[MATERIAL SHOWN Boundary: Start]
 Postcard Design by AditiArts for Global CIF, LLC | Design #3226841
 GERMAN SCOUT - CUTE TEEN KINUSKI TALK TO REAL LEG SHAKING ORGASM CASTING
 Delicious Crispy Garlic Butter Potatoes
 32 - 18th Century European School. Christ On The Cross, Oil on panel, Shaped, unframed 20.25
[MATERIAL SHOWN Boundary: End]
[MATERIAL SHOWN Boundary: Start]
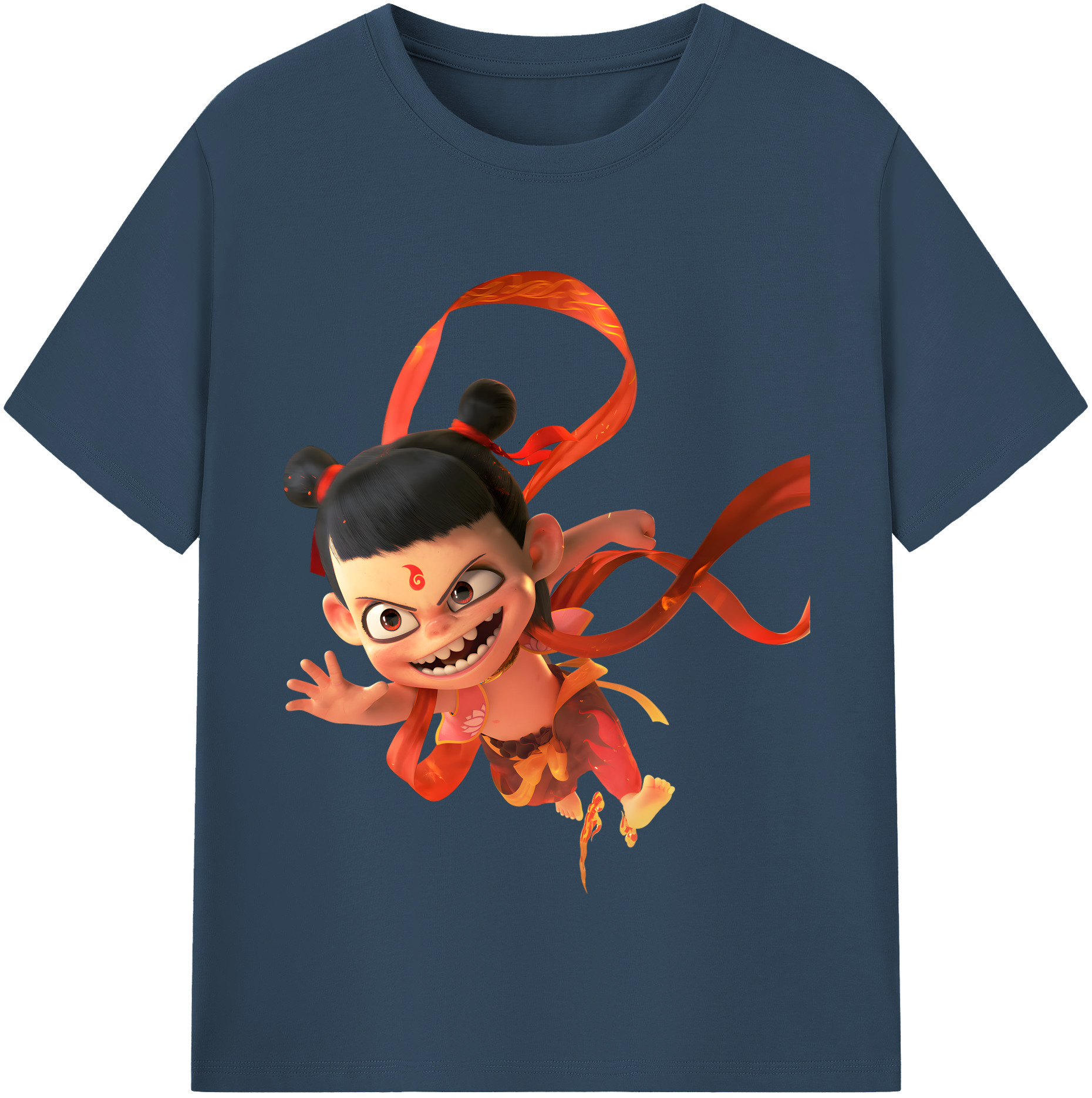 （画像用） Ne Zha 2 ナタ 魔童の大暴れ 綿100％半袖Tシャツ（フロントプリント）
[MATERIAL SHOWN Boundary: End]
[MATERIAL SHOWN Boundary: Start]
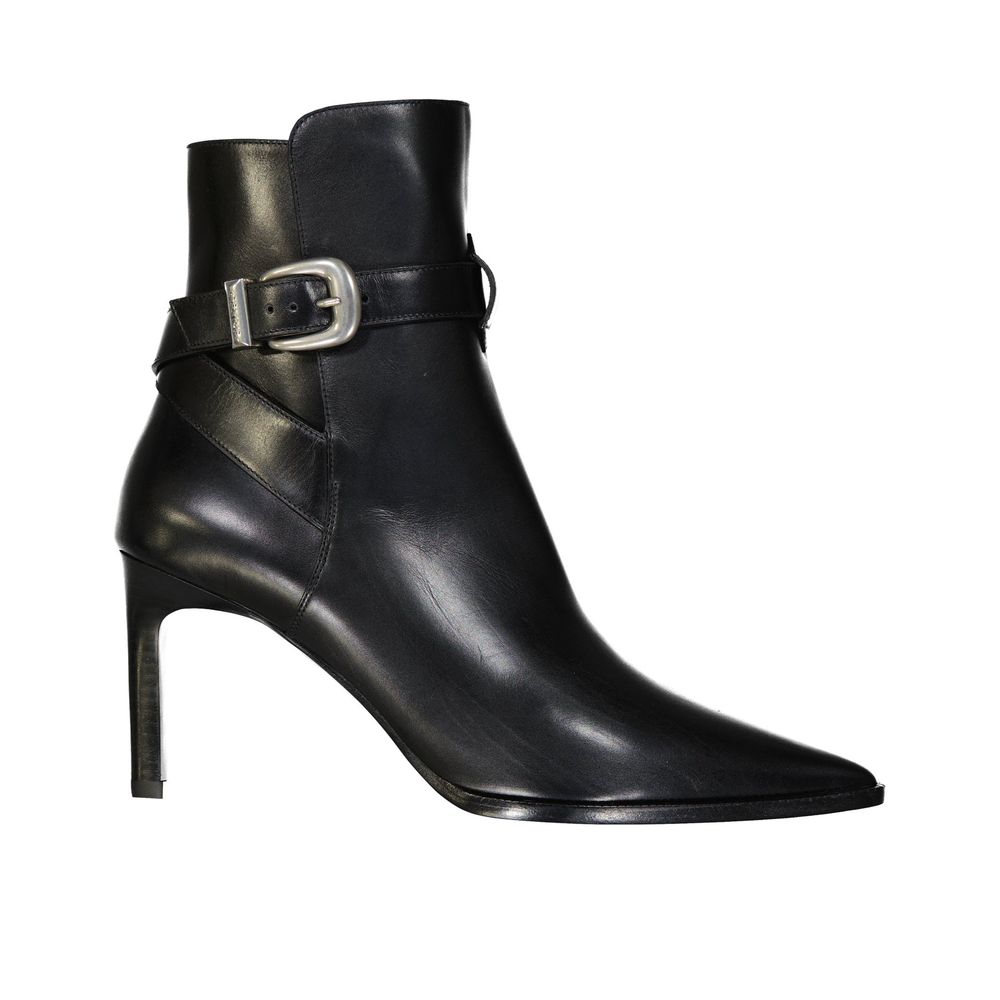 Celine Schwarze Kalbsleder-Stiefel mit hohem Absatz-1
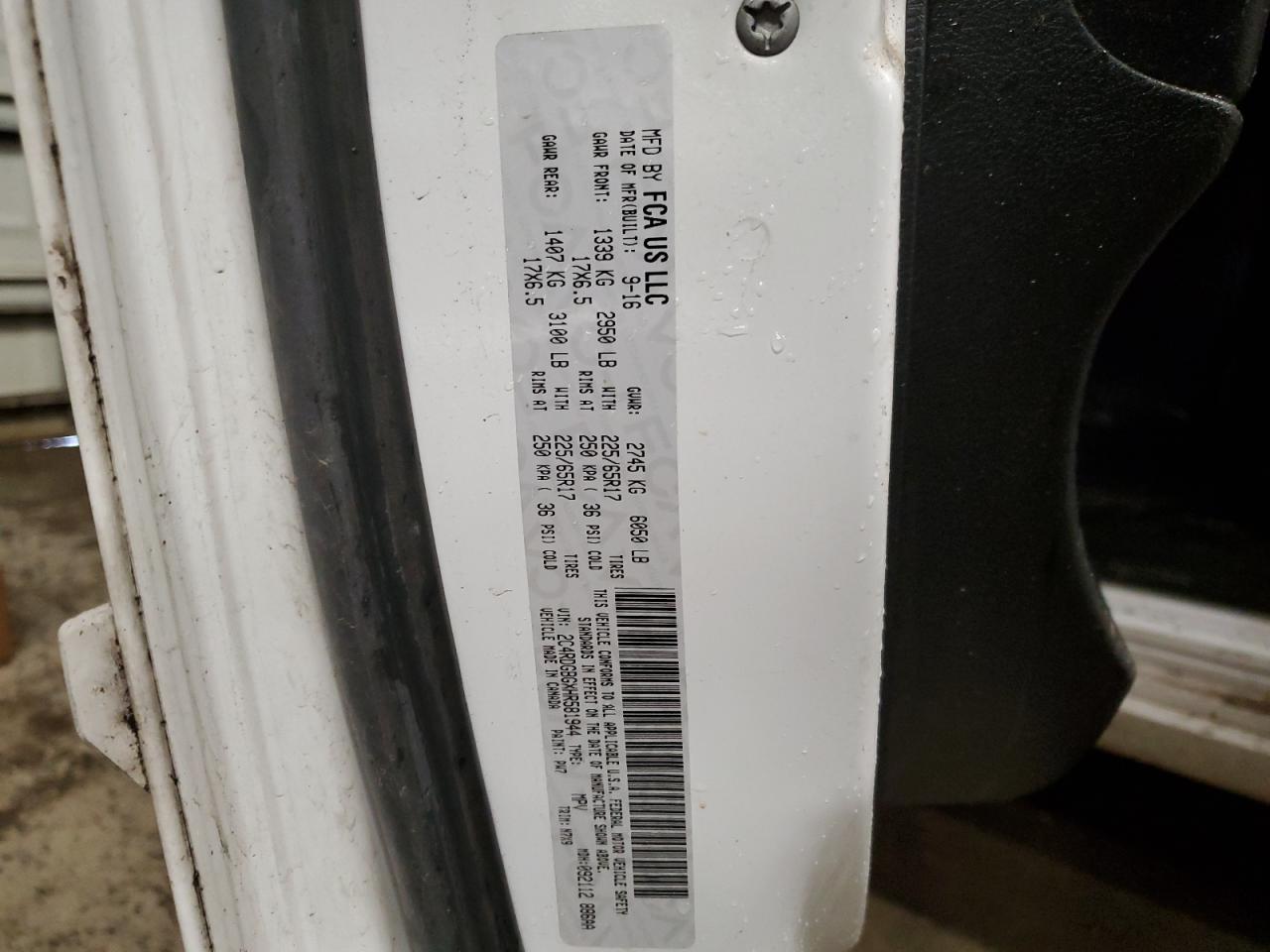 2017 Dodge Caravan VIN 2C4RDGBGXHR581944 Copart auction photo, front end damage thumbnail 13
[MATERIAL SHOWN Boundary: End]
ACTIVITY:
Give again exactly, and only, the lines above starting at the one with "GERMAN SCOUT - CUTE" and ending at the one with "32 - 18th Century".

RESULT FOR THIS TASK:
 GERMAN SCOUT - CUTE TEEN KINUSKI TALK TO REAL LEG SHAKING ORGASM CASTING
 Delicious Crispy Garlic Butter Potatoes
 32 - 18th Century European School. Christ On The Cross, Oil on panel, Shaped, unframed 20.25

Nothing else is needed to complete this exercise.